Durante cerca de trezentos e cinquenta anos de escravatura, a formação de quilombos mostrou-se uma constante, pois aonde há a tirania do regime econômico escravocrata haverá a tentativa de fuga, já que a busca da liberdade constitui-se em um direito natural do homem. Tanto que o ato de se aquilombar ocorreu em outros pontos, recebendo os nomes de palenques nas colônias espanholas, marrons nas inglesas e grand marronage nas francesas. Segundo historiadores contemporâneos, quinze milhões de africanos foram arrancados de suas terras para a América, sendo que 40 % foram trazidos para o trabalho servil no Brasil, no que se chama de diáspora africana. Apenas para que se tenha uma noção de grandeza, no primeiro censo realizado em 1872, chegou-se a um número de 9.930.478 habitantes no Brasil.

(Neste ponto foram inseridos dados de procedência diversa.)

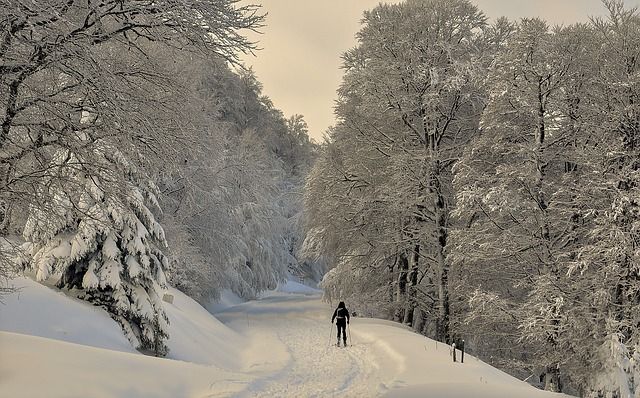 Număr Record De Rezervări Pe Valea Prahovei Pentru Sărbători Cat Costă Un Sejur De Revelion La Sinaia Busteni Sau Azuga Incont Stirileprotv Ro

O poder constituinte soberano que se formou no ano de 1987 andou bem em reconhecer, na forma de convenções internacionais, que era importante dar visibilidade ao fato histórico dos quilombos e dignidade à etnia africana que, ao lado de outras culturas, contribuiu para a formação do processo civilizatório nacional, gozando de proteção constitucional no tocante aos seus modos de criar, fazer e viver e, para esse fim, é fundamental a preservação do território.
Nessa linha, o artigo 68 do Ato das Disposições Constitucionais Transitórias estabeleceu com linguagem direta que “aos remanescentes das comunidades dos quilombos que estejam ocupando suas terras é reconhecida a propriedade definitiva, devendo o Estado emitir-lhes os títulos respectivos.” Trata-se de decisão típica de uma sociedade pluriétnica e que sinaliza a importância de resgatar um passado histórico hediondo de escravidão e que sonegou, sobretudo, à população negra o acesso à terra formal, dentre outros direitos sociais básicos.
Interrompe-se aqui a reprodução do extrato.